The newly-formed venture, which will also bear the acronym BAIC, will present five vehicle models to the public at the Campi show, BAIC Philippines Chief Executive Officer Commodore George Chua explained at a roundtable meeting earlier with The Manila Times news team.
The five models are the A113/A115 4-door hatchback, A523T luxury sedan, X424 SUV, Wevan small van, and the BJ5030 full-sized van.
“BAIC has categories for small car, big car, and the off-road SUV,” Chua said.
“The constant theme here is to give something more to the consumer than what they expect. A tagline which I thought of is, ‘Imagination into Reality.’ Pangarap ‘yan. Lahat tayo nangangarap, [It’s a dream. We all have a dream,]” Chua said.
“We are giving the Filipino consumer a Chinese product that can be synonymous with quality and affordability,” he added.
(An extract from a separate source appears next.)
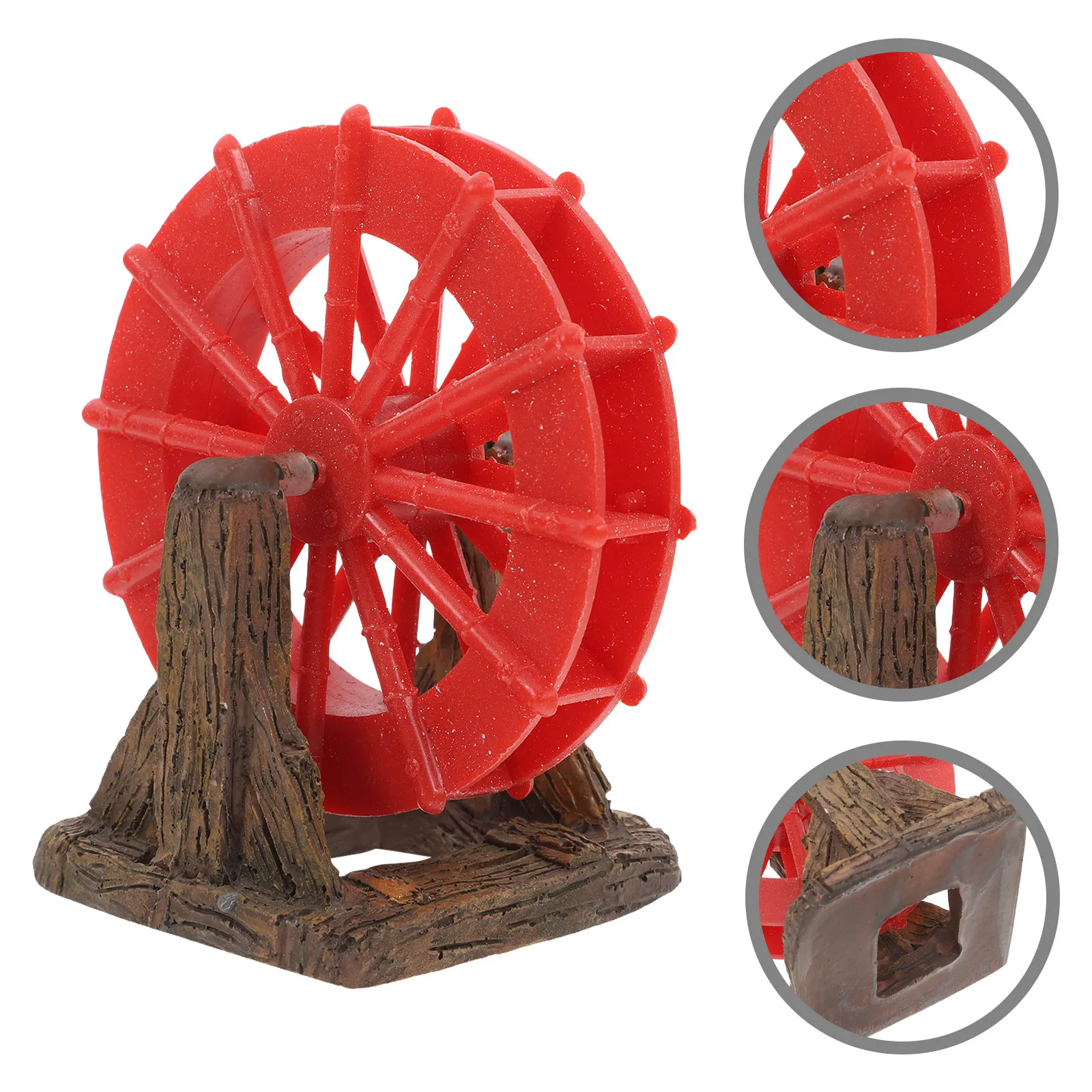 Resin Aquarium Waterwheel Decoration Small Fish Tank Landscape Moving Wheel Oxygenation Accessory for Aquatic Environment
In China, BAIC is a manufacturing partner of Daimler AG, building the Mercedes-Benz C-Class and E-Class models, and several Hyundai models for the Chinese market.
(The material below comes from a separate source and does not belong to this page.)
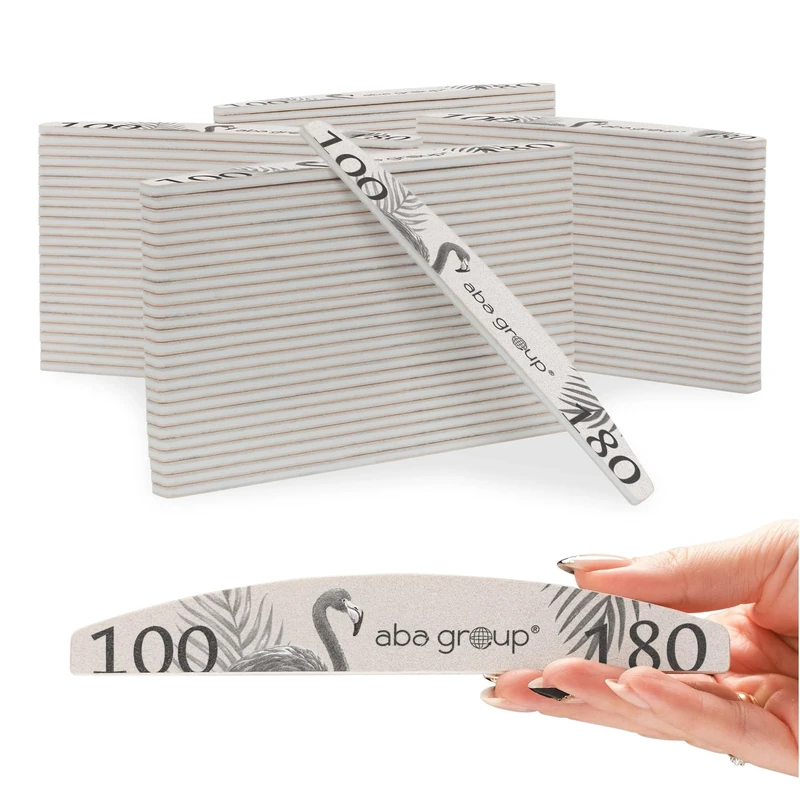 ABA GROUP Professional Flaming Half Moon Nail Files, 100/180 Grit, Set of 100, Grey, Sandpaper, Emery, Nail File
Chua described the new Chinese car models through an acronym: “BAIC stands for: Beauty because of their beautiful design, Affordability, Innovation, and Comfort.”
Chua was dismissive of the effects of territorial disputes between the Philippines and China, and told the Times that if the Philippines were to wait until the issues were resolved, there would be “no more business.”
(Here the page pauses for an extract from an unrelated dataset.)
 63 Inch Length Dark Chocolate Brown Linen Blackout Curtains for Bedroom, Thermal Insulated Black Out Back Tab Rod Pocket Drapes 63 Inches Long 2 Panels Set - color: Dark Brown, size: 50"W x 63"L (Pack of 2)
“Those issues, we shouldn’t even be taking care of [them]. We are not the government; we’re not ambassadors—that’s not our mandate. To me, I cannot tell what the president is supposed to do,” Chua said.
“Based on my experience, they [the Chinese]are very open-minded. They don’t have any issues with respect to politics. Everybody wants to have a thriving business relationship because once you have good business relationships, your economy improves, your people improve, and everybody is happy,” he said.
“What we’re saying is this is a good product, Filipinos can make good use of it, should we deprive Filipinos of that product? Should we close down 168 [the mall in Divisoria]and deprive Filipinos of products they can afford? Ano pang mangyayari sa mga “yan? Ano pang mabibili mo? [What would happen to those products? What else could you buy?]” he added.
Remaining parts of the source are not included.